Mais ce qui est vraiment en jeu, c’est autre chose. La réduction des risques (de-risking) est devenue le tueur silencieux pour les entreprises blockchain au Nigeria. Les banques ferment les comptes des VASPs agréés par la CBN parce que les équipes de conformité ne comprennent pas leur modèle d’affaires. Ce n’est pas de la gestion des risques ; c’est de l’évitement des risques déguisé en langage de conformité. SiBAN pousse pour une catégorisation des risques par niveaux — afin qu’un développeur créant une application de paiement locale ne soit pas traité de la même façon qu’un échange peer-to-peer anonyme. Ils exigent aussi un processus défini avant que toute institution financière ne puisse retirer ses services, avec une documentation et une voie d’appel.

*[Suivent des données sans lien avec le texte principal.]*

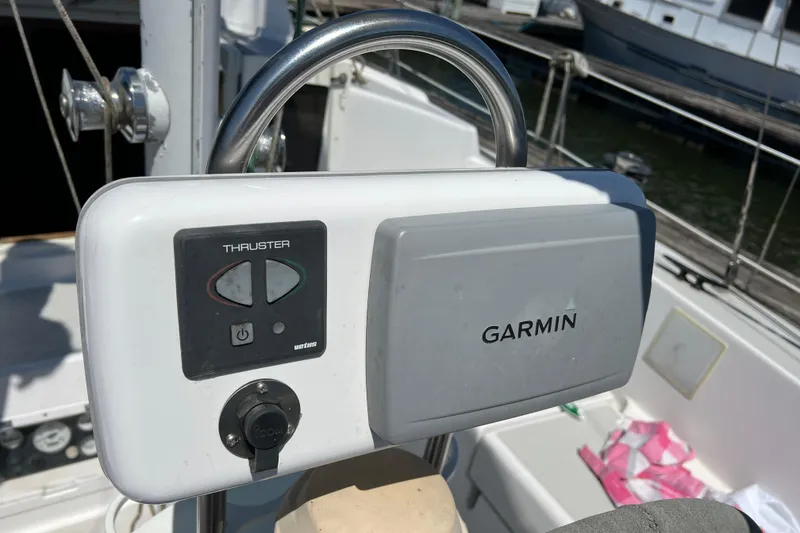 Slide: The Image of Garmin navigation system on 1979 Pearson 424 sailboat, featuring thruster controls. - 20
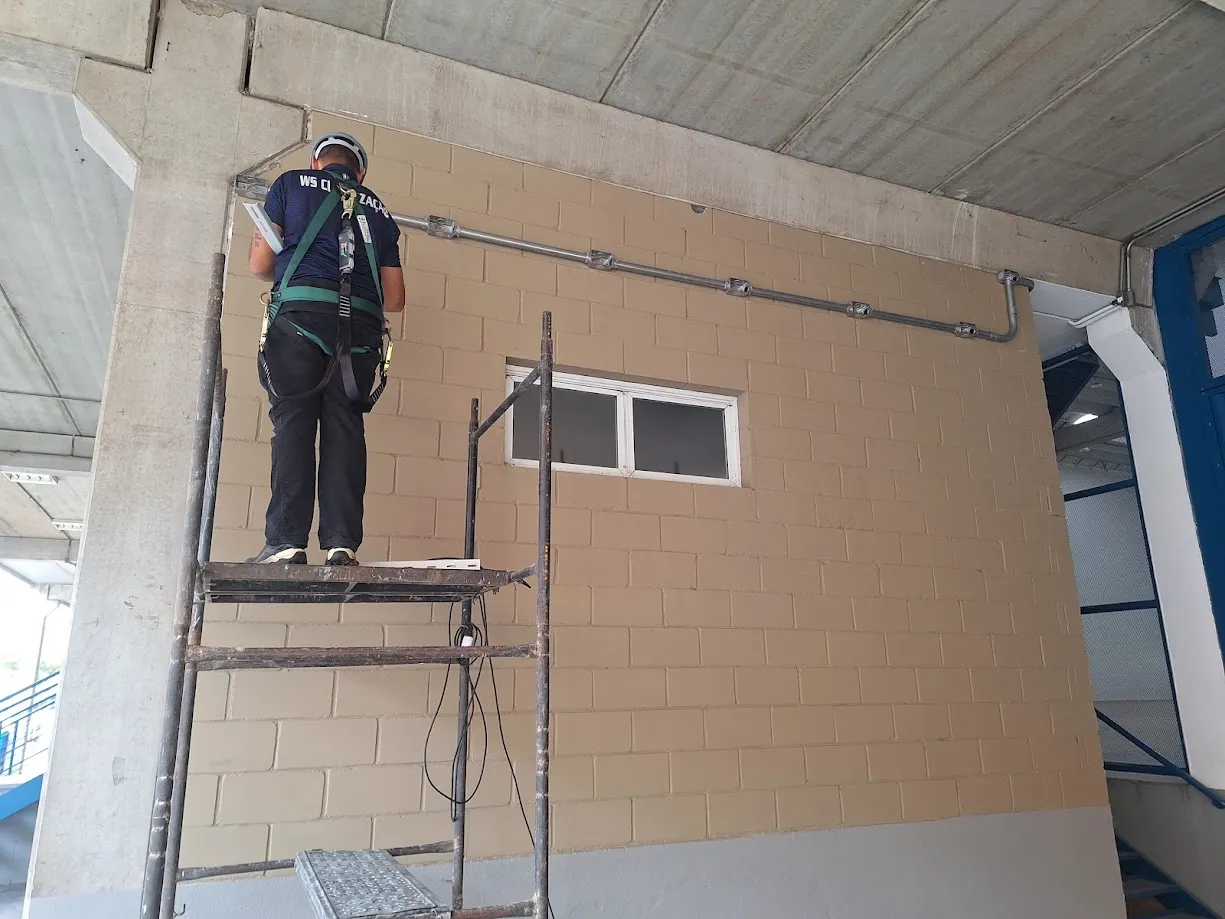 Instalação de infraestrutura de climatização em parede com andaime e equipamento de segurança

Le cas économique est convaincant. Le Nigeria est déjà un leader mondial dans l’adoption de la crypto. Les actifs virtuels pourraient résoudre les goulets d’étranglement en devises étrangères du pays et réduire les coûts de paiement transfrontaliers de manière que la banque traditionnelle ne peut pas faire. Pensez à des corridors de stablecoins réglementés réduisant presque à zéro les coûts de transfert de fonds, ou à une finance commerciale tokenisée permettant aux exportateurs nigérians de contourner la faiblesse des banques correspondantes. C’est une valeur économique réelle.
Ce qui compte le plus, c’est si les régulateurs écoutent réellement. Dans douze mois, le vrai test sera simple : une startup blockchain nigériane conforme pourra-t-elle ouvrir et maintenir un compte bancaire sans avoir à expliquer ce qu’est la blockchain ? C’est la base. Cela peut sembler basique parce que c’est le cas. Mais c’est l’indicateur le plus clair que l’intention politique s’est réellement traduite en réalité opérationnelle. Le Nigeria se positionne comme la référence en matière de régulation de la blockchain en Afrique — et ce moment dans le groupe de travail pourrait être le tournant qui le rendra possible.